Q: I do truly believe that. I mean, mum only passed a couple of months ago. She got cancer, and I cared for her for about six weeks, and it was all pretty full-on. But I definitely had a feeling, and I still do, even though I’m grieving and I’m missing her and it’s wobbled me a lot, but I probably do sense on a deeper level that it’s probably a gift. I do feel like this is probably meant to be happening right now in my life, and in my sisters’ lives; and I think it will unfold, and I think it probably will be a positive thing for all of us eventually. But I guess any change or any kind of transformation is going to be a bit painful isn’t it.

(silent connecting)

Jim: You asked about how to deal with trauma, death and suffering. Part of us wants to get away from fear and grief and sadness and loss, and that’s totally understandable; but the way to truly deal with it is by opening to it. What that does is it deepens us, it opens our heart, it softens our know-it-all arrogance and makes us humble—it widens our spectrum of experience. That’s how loss is a gift.

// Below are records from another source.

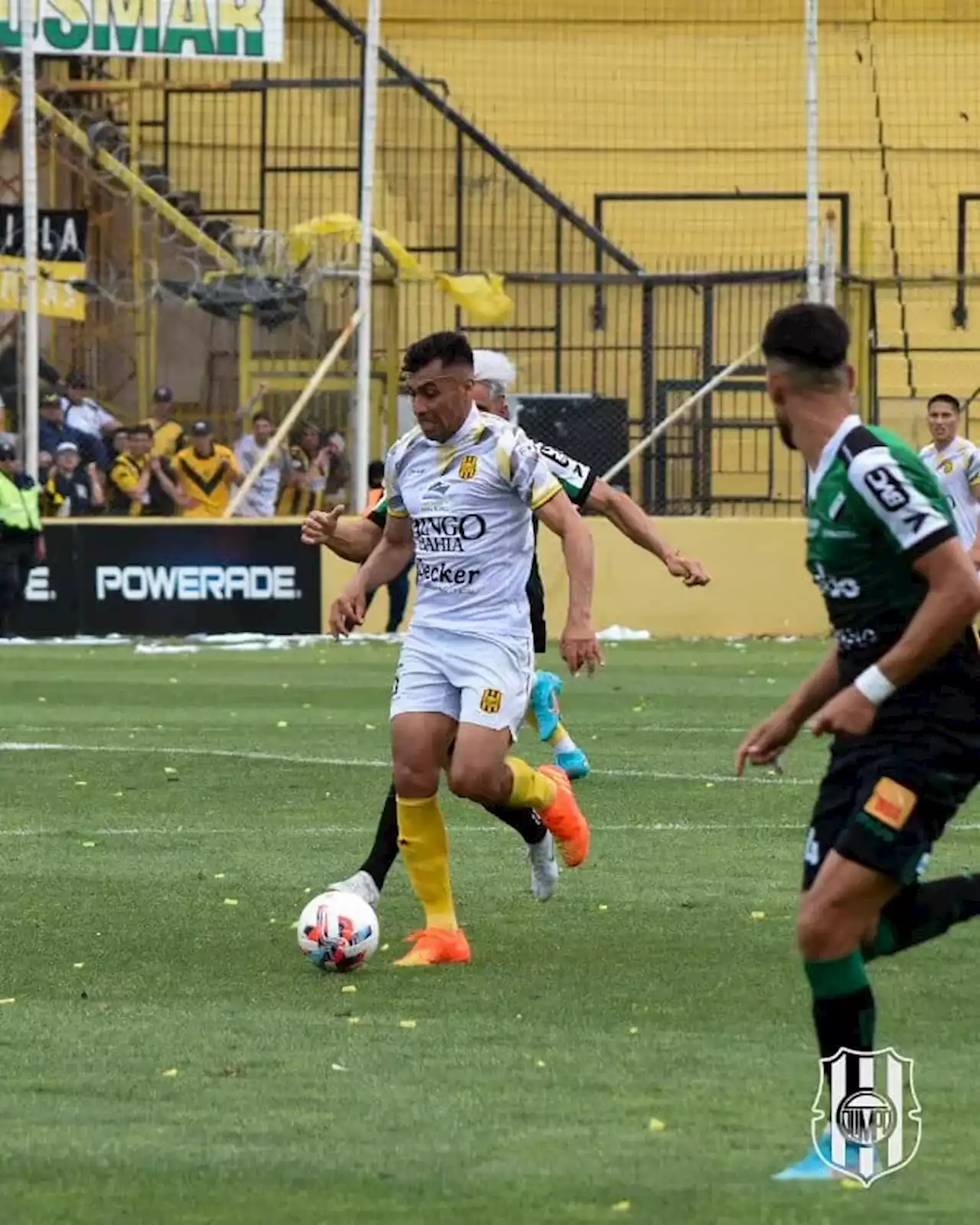 Olimpo vs. Villa Mitre, por el Federal A: resultado, resumen y finalista - TyC Sports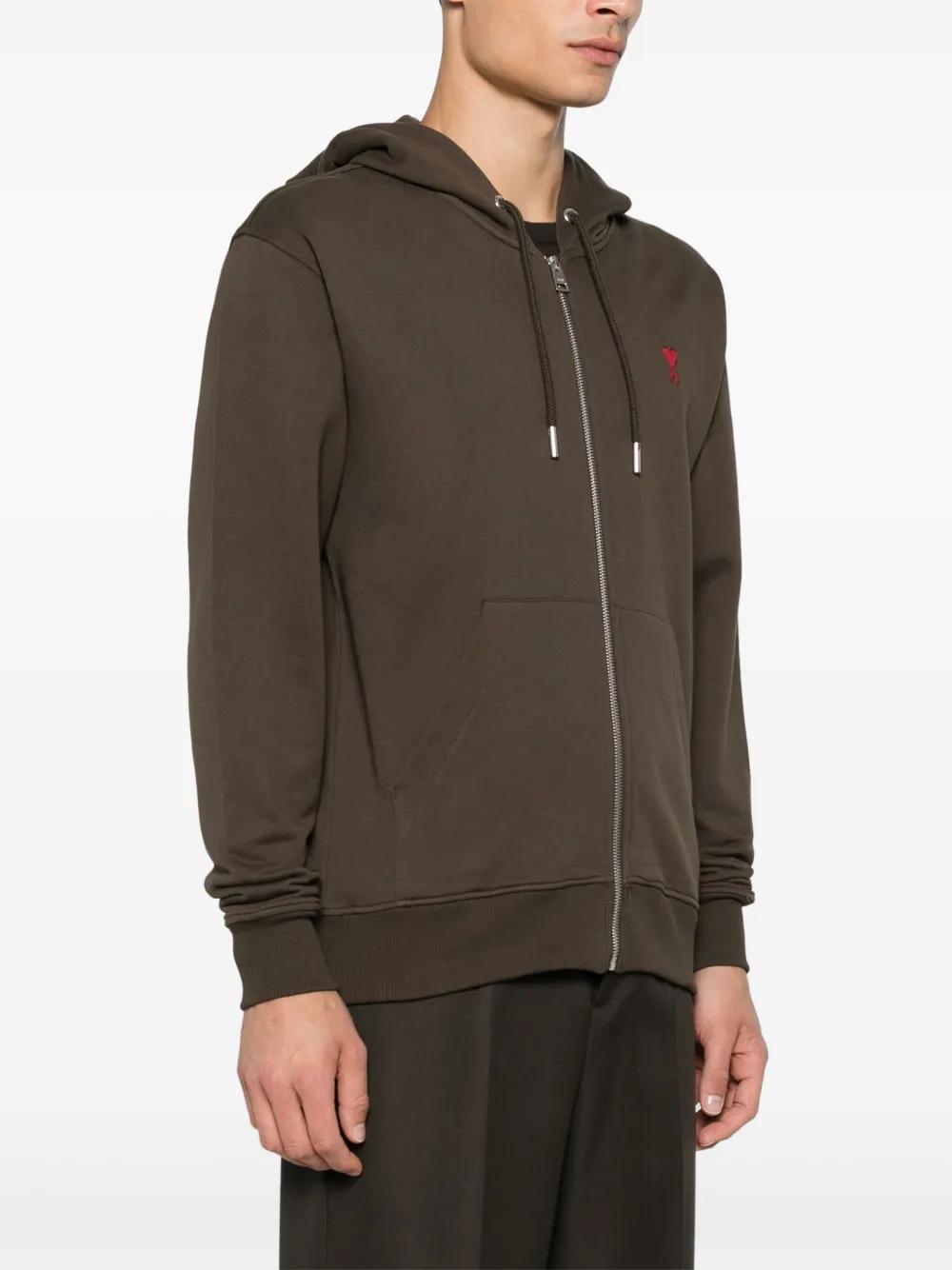 Ami de Coeur hoodie Product Image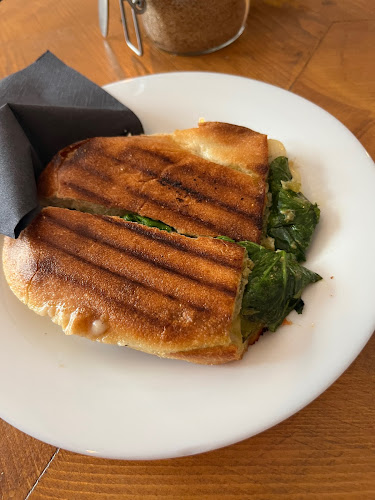 Opinii despre THE COFFEE GANG în Köln - Gastronomie und Hotellerie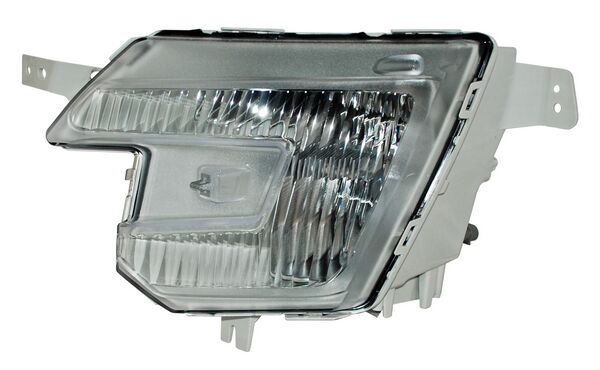 FARO DE NIEBLA FORD EXPLORER 2016-2017 LIMITED LED IZQUIERDO TYG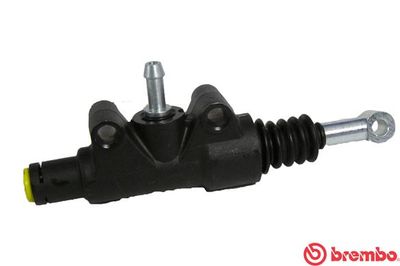 Master Cylinder, clutch BREMBO C 50 003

When we can meet it, grief is a doorway into heart-opening love and tenderness; fear is a portal into courage and strength. If we try and shut out these ‘unwanted’ aspects of life, then we shut out that loving kindness and tenderness too; we shut out courage, strength, aliveness and passion. We can’t have one without the other,

You can’t selectively numb your feelings. If you numb out the ‘painful’ ones, then you numb out all of the other feelings too, and you end up living in this very small, restricted bandwidth of experience. It’s a kind of nihilistic emptiness: “Life’s boring. What’s the point.” We’re just so numb that we’ve shut out all of life.

Q: Yeah.

Jim: So the invitation is to go beyond the rational mind and to experientially discover who you really really are—the true ground of being; which then offers the ultimate capacity, the ultimate support, with which to open to the fullness of life, to everything that life offers up. It’s a huge adventure: the greatest adventure of all.

Q: Powerful stuff. Thank you very much Jim.

Jim: My pleasure. Lovely to meet you. Wow, I think that’s about the most I’ve talked in an exchange EVER! Thank you for bringing it all out!